Bunye: Marawi siege aftermath

FOR me, one of the memorable photographs to come out following the liberation of Marawi shows two soldiers holding up the flag at ground zero. It was the soldiers' effort to symbolize that once again the republic is supreme in the war-torn city.

It is a proud moment not just for government troops but all Filipinos.

The flag symbolizes our country and everything we hold dear. Our troops showed that they are ready, willing and able to make the sacrifice just to keep it flying.

In Marawi, 162 of our brave soldiers paid with their lives. Hundreds more were rendered permanently incapacitated.
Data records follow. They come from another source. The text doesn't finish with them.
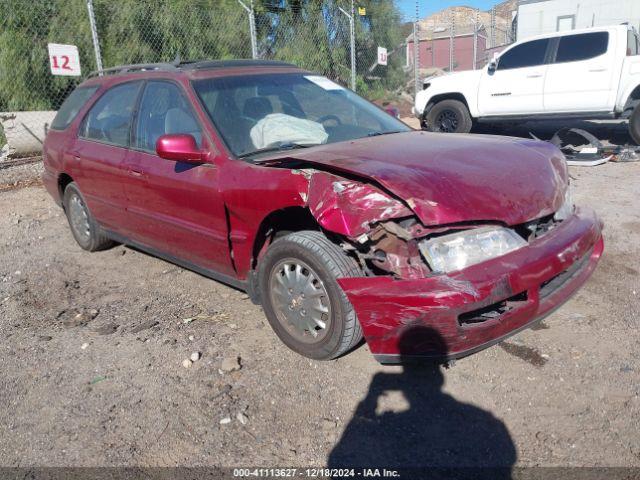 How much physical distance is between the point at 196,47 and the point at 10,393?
35.7ft

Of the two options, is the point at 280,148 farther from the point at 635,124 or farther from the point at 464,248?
the point at 635,124

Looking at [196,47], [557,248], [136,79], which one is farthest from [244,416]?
[196,47]

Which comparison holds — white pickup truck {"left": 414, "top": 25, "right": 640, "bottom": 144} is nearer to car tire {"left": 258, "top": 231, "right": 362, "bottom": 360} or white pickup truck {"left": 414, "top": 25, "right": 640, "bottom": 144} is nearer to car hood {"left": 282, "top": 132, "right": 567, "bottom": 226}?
car hood {"left": 282, "top": 132, "right": 567, "bottom": 226}

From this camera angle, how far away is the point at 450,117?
34.4ft

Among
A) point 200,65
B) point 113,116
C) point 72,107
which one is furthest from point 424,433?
point 72,107

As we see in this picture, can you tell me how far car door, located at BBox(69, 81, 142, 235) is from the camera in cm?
427

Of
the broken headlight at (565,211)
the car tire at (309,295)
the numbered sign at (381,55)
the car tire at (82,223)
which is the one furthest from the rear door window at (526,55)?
the car tire at (309,295)

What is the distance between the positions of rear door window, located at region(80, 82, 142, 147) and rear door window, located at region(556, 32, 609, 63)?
7.69m

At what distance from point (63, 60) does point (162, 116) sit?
6021 millimetres

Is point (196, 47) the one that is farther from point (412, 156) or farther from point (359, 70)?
point (412, 156)

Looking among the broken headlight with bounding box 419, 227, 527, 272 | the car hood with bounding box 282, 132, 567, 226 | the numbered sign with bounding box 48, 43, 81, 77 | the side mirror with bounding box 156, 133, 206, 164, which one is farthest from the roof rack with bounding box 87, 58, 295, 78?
the numbered sign with bounding box 48, 43, 81, 77

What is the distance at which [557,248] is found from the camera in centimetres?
283

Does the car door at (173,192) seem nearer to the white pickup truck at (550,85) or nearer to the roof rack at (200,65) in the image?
the roof rack at (200,65)

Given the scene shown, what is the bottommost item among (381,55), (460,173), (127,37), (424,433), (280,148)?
(424,433) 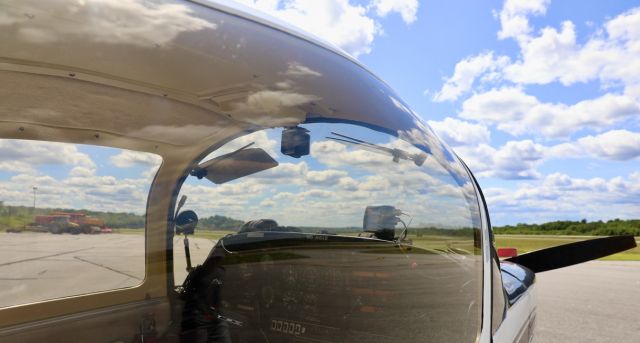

The scene in Marawi should remind us never ever to take the flag for granted.

A flag-raising of sorts also occurred in 1945.

Filipino troops belonging to the United States Armed Force in the Philippines -- Northern Luzon or USAFIP-NL -- were fighting the last stages of the Battle of Bessang Pass.

The Battle of Bessang Pass consisted of a series of battles fought over almost six months. The initial battle was fought in Bitalac, Tagudin, on January 8, 1945, while the last was waged on June 14, 1945 at Nangyatan Hill.

In between, bloody see-saw battles were fought in Lower Cadsu Ridge, Upper Cadsu Ridge, Lamagan Ridge, Laguiatan Hill, Magun Hill and Baracbac Point.

The Filipinos were trying to dislodge the 4,000 strong Japanese shock troops directly under the command of General Yushiharu Ozaki. Ozaki was waging a bloody rear-guard action to protect Tomoyuki Yamashita who had fled to Bontoc from his Baguio headquarters.

The last bloody encounter took place on June 14, 1945. Capt. Emilio Narcise and his men charged Nangyatan Hill where the Japanese kept their munitions.

After an hour-long battle, Narciso and his men had control of the hill.

To signify Filipino victory, Narcise hoisted a make-shift flag. It consisted of a GI-issue olive green towel!

The Battle of Bessang Pass was over.

About 3,400 gallant Filipinos were either killed or wounded in this epic battle which forced the eventual surrender of Tomoyuki Yamashita.

Last Tuesday, President Rody Duterte declared Marawi liberated. The declaration coincided with the announcement that two, perhaps even three, of the leaders who staged the siege have been killed. The bodies of Isnilon Hapilon and Omar Maute have been positively identified. As of this writing, that of Mahmud Ahmad, a Malaysian national suspected of financing the attack on Marawi, still has to be confirmed via DNA testing.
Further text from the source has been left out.